Une leçon de maintient...
Arwen pilotait la Corvette avec aisance, tout en souplesse, à une allure très rapide mais fluide. Buffy d’abord impressionnée par la vitesse à laquelle défilaient les rues de Sunnydale, se détendit constatant la maîtrise de l’Elfe.
Elles arrivèrent devant l'immeuble où vivait Oz, une bâtisse décrépite, murs lépreux, fenêtres sales, située dans un quartier mal famé de Sunnydale. Le genre d'endroit où l'on ne s'attardait pas une fois la nuit venue… ni même de jour d’ailleurs. Arwen se gara le long du trottoir, la carrosserie rutilante de son bolide contrastait de manière saisissante avec la grisaille ambiante.
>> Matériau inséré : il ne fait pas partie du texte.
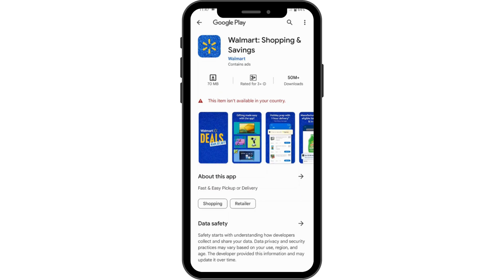you can simply tap the install button to install the application. It might take some time depending on your data or Wi-Fi connection. After installing, tap on open and then create your account or log into your existing account.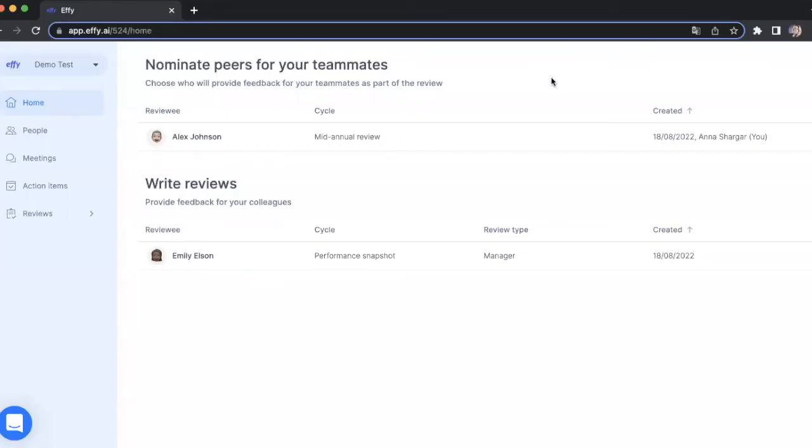Let's take a look at all the features Effie has to offer you. When you sign into the system, the first thing you see is your home page. You'll see the list of all your tasks here.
En face, devant un magasin abandonné, un groupe d'hommes, accoudés au capot d'une vieille voiture cabossée, les observaient avec insistance. Ils discutaient, ponctuant leurs phrases de rires gras. Leurs regards ne quittaient pas la direction de la voiture et surtout… de ses occupantes.
Arwen eut un léger soupir de lassitude….
- Je crois qu'il vaut mieux régler ce petit problème tout de suite, avant qu'il ne devienne vraiment... irritant, dit-elle pour elle-même.
Elle descendit de voiture et, la démarche assurée, se dirigea droit vers le groupe. Buffy, lui emboîta le pas, pressentant le grabuge…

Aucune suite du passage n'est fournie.